If you can’t find this book, a nice alternative is Everybody Needs a Rock by Baylor. This is a lovely book about finding a very special rock to carry with you. “Don’t get a rock that is too big. It won’t fit your hand right and it won’t fit in your pocket. A rock as big as an apple is too big. A rock as big as a horse is MUCH too big. Don’t choose a rock that is too small. It will only be easy to lost, or a mouse might eat it, thinking that it is a seed…”
(Either book would also be a great read before a hike to somewhere your child could find a special rock. They both do a nice job of making rocks feel special and uniquely important to a child.)
Rock Exploration: We brought in the rocks from the exploration table, and discussed as a group their colors, we found the biggest and smallest ones, we picked out all the rough ones from the smooth ones, and so on. This is great pre-academic skill building. Another activity you could add here is to ask each child to pick out one rock to study in detail and talk over with their parent or another child. Then put all those rocks into a basket of rocks, pour it out on the floor, and ask them to find their own rock again. This is a good test of their observation skills, and teaches visual discernment of details.
- If You Find a Rock by Christian. (See above.)
- Everybody Needs a Rock (See above.)
- Rocks: Hard, Soft, Smooth, and Rough by Rosinsky. Great non-fiction for ages 4 – 6. Engaging writing, kid-friendly illustrations, a chart at the end which describes 5 rocks (e.g. obsidian, quartz) by kind of rock, colors, what it feels like, and uses. “A lot of things can happen to rocks. They can crack. They can break into a million tiny pieces. They can be pressed or squeezed together. Rocks can even melt.”
- Let’s Go Rock Collecting by Gans. Age 6 – 8. Describes rock collecting, types of rocks, differences between rocks, some historical uses of rock (Roman roads, Egyptian pyramids). Includes both illustrations of kids exploring rocks, and photographs of many types of rocks.
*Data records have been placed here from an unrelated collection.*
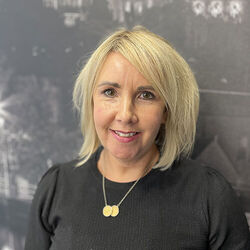 Karen Hollingsworth  Sales Negotiator 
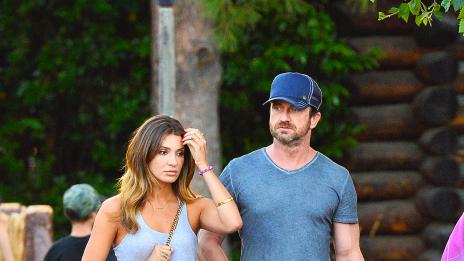 Джерард Бътлър има нова жена в живота си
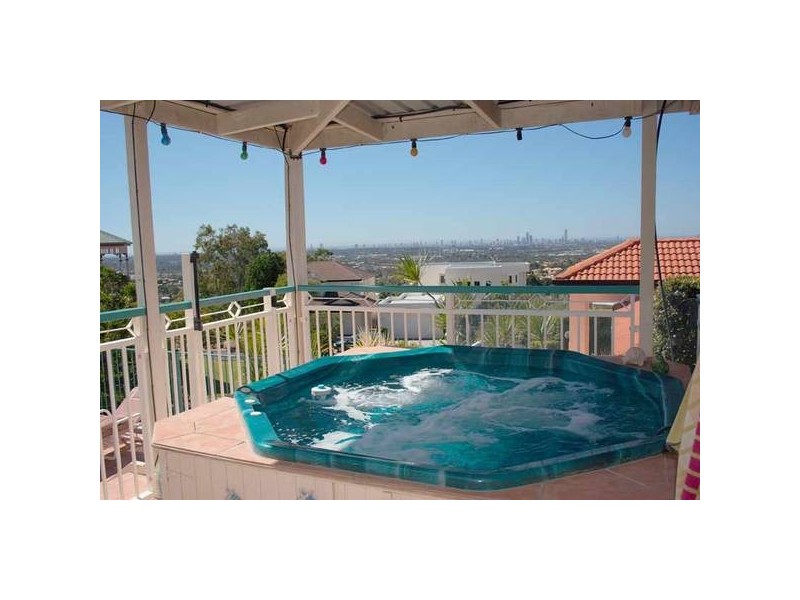 Highland Park QLD 4211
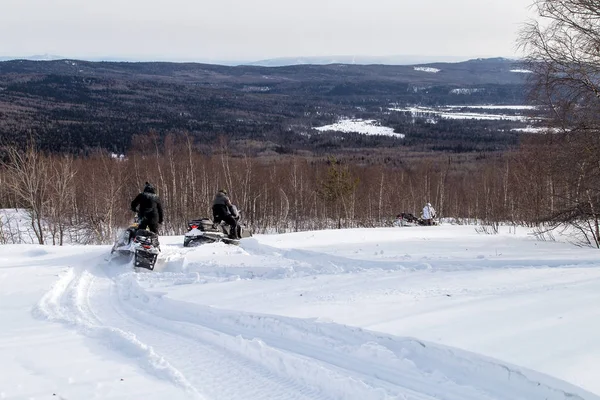 Αθλητές σε ένα snowmobile — Φωτογραφία Αρχείου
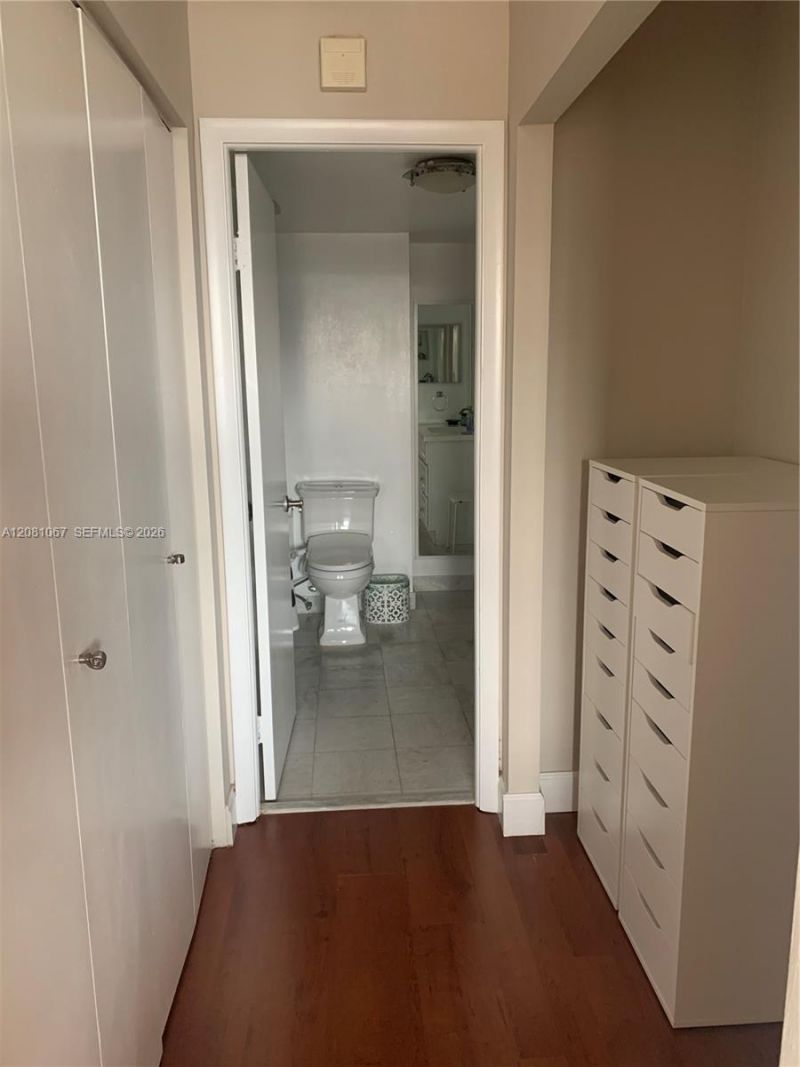 10101 E Bay Harbor Dr , Unit 401, Bay Harbor Islands, FL 33154 Photo
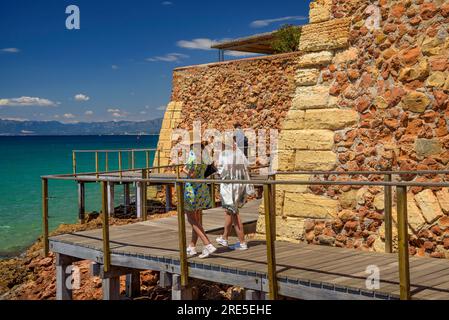 Wooden footbridge of the Salou coastal path surrounding the old lazaretto from 1829 (Tarragona, Catalonia, Spain) ESP: Pasarela de madera en Salou Stock Photo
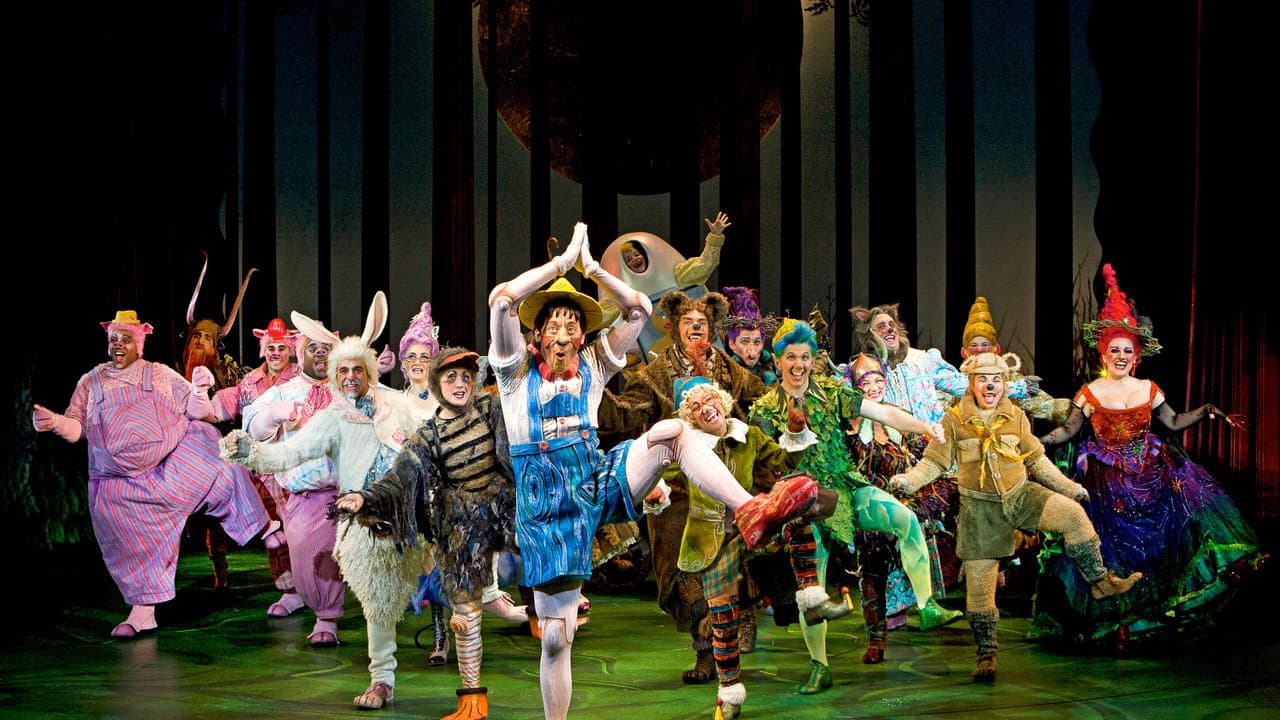 Shrek the Musical still 5
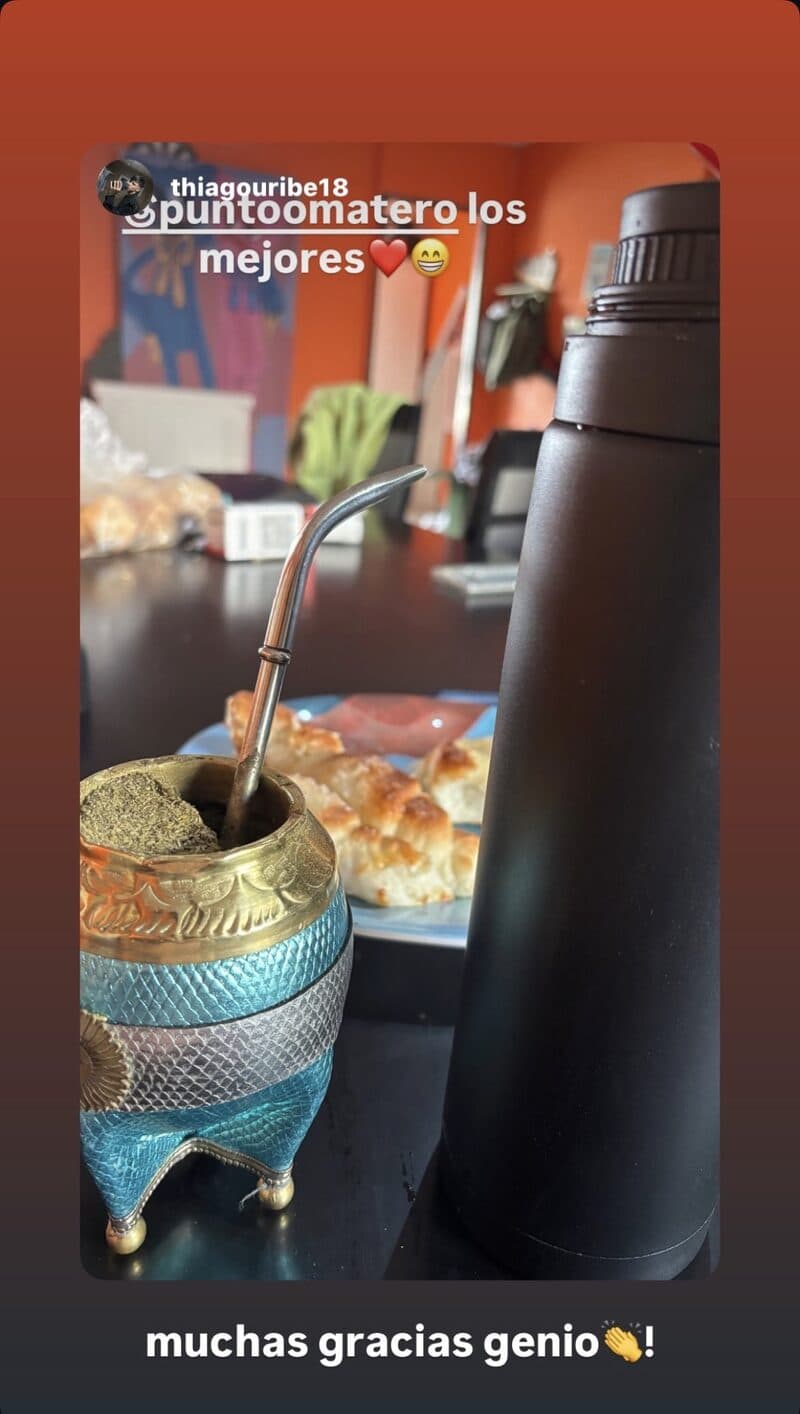 Historia de Instagram de @thiagouribe18: mate celeste con virola cincelada y termo, en una mesa con empanadas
- Dave’s Down-to-Earth Rock Shop by Murphy. This has been recommended to me by a geology professor mom, but I haven’t read it yet. It’s for ages 6 – 10. It includes info about rocks, and also focuses on classification, which is a key science skill.
- Rocks by Nelson. A nice intro to rocks for 3 – 5 year olds, with simple words and good photos. “We live on Earth. Earth is made of different things. Earth is made of water, gases, soil, and rocks. Most of earth is made of rock. Rocks are hard. Rocks can be different sizes… shapes… colors….” Ends with a page about igneous, sedimentary, and metamorphic rocks and some rock facts for little ones who want to learn more after reading the main book.
- Rocks by Walker. For 6 – 9 year olds, so above the level of our students. But parents and teachers might like reading it before teaching these topics, because it’s a good basic overview that’s one level above what they’ll be teaching.
- The Rock Factory: The Story About the Rock Cycle by Bailey. I haven’t read it yet, but I liked Bailey’s Fossil book which we used in Dinosaur week.
- Rocks and Soil: Real Size Science. Preschool age book, Amazon description: “Instead of using words alone to explain the appearance and composition of different types of rocks and soil, this book conveys information with accurately-sized photographs.”
- Jump into Science: Dirt by Tomecek. Good for 6 – 9 year olds, so too old for my students. Talks both about the geology side: earth’s layers, rock cycle, and so on. Also talks a lot about plants and soil, so would be a nice part of a gardening unit.
- Dirt: The Scoop on Soil by Rosinsky. Rosinsky’s book on Rocks is great, so I look forward to checking out her take on dirt.
- Dirt by Lawrence. From the Fundamental Experiments series. Writing is best for 6 and up, but includes lots of fun, easy experiments, some of which I reference above.
- Other good online resources on rocks for older kids are: School Yard Geology and Every Pebble Tells a Story.